Introduction

Rainfall is considered as the main source of domestic water for living as well as for agriculture in the Uttarakhand State. The state has varied topography, leading to great variation in rainfall spatially and temporally. An analysis of the rainfall series of the state would enhance the management of water resources as well as its optimum use. One of the challenging tasks with rainfall data is to deal with interpreting past records of rainfall events in terms of future probabilities of occurrence. Therefore, the understanding of the rainfall distribution that causes flood might play an important role for the sustainable development and conservation of natural resources of the state.
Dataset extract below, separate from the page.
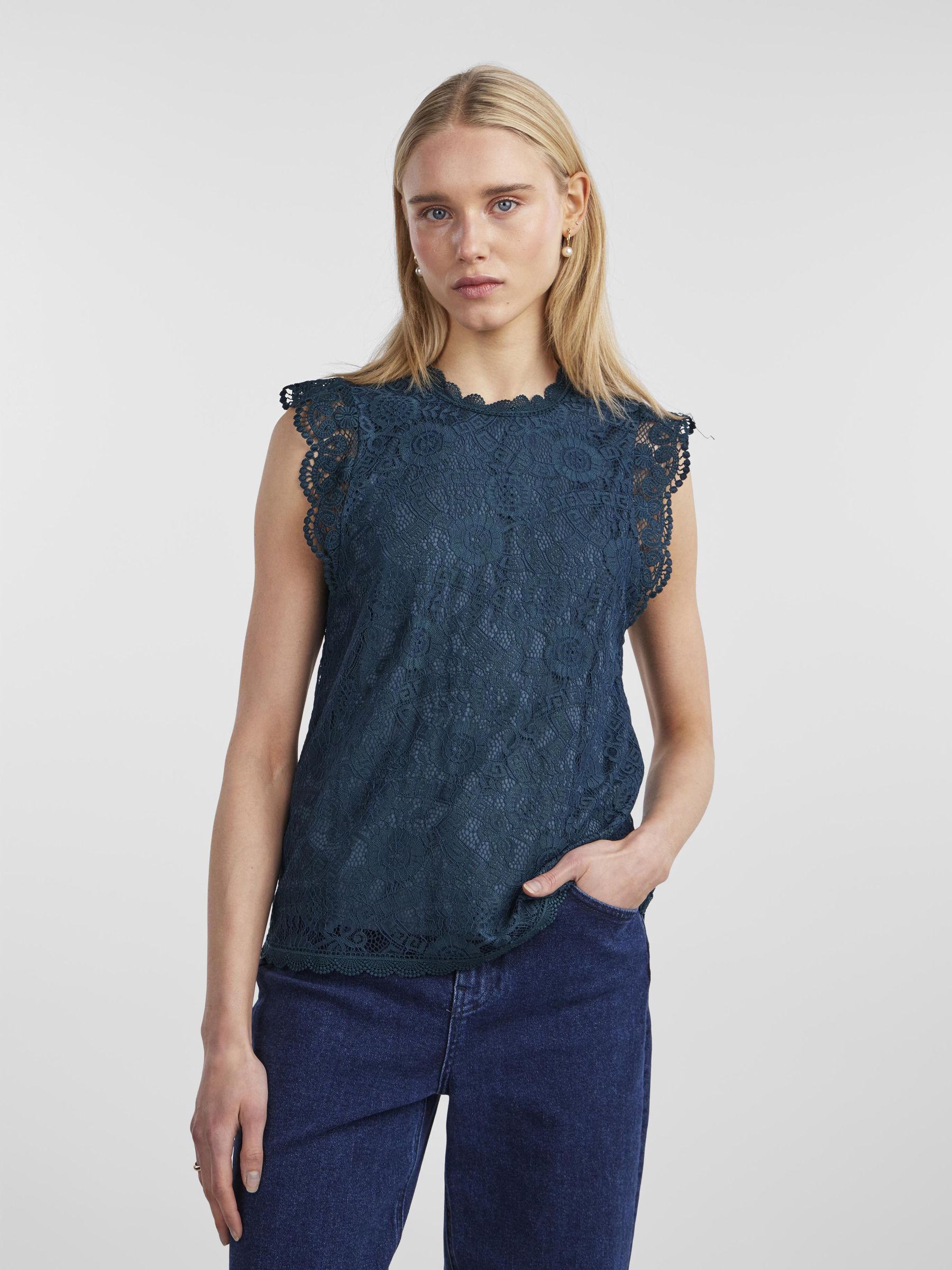 Mouwloze top met kant shop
Estimating a statistical distribution which gives a better fit to annual rainfall has long been a concerning topic for hydrologists, meteorologists, and other water resource personnel. The understanding of rainfall distribution is important for stochastic modeling, rainfall frequency analysis, and rainfall trend analysis. The aim of such a study is not so much to explore the properties of rainfall, but to use the rainfall sequences as inputs for another modeling to understand the hydrologic processes (Buishand 1978). Distribution fitting is a way of selecting a statistical distribution that best fits available records. It is also possible to calculate return periods using various probability distributions (Upadhaya and Singh 1998).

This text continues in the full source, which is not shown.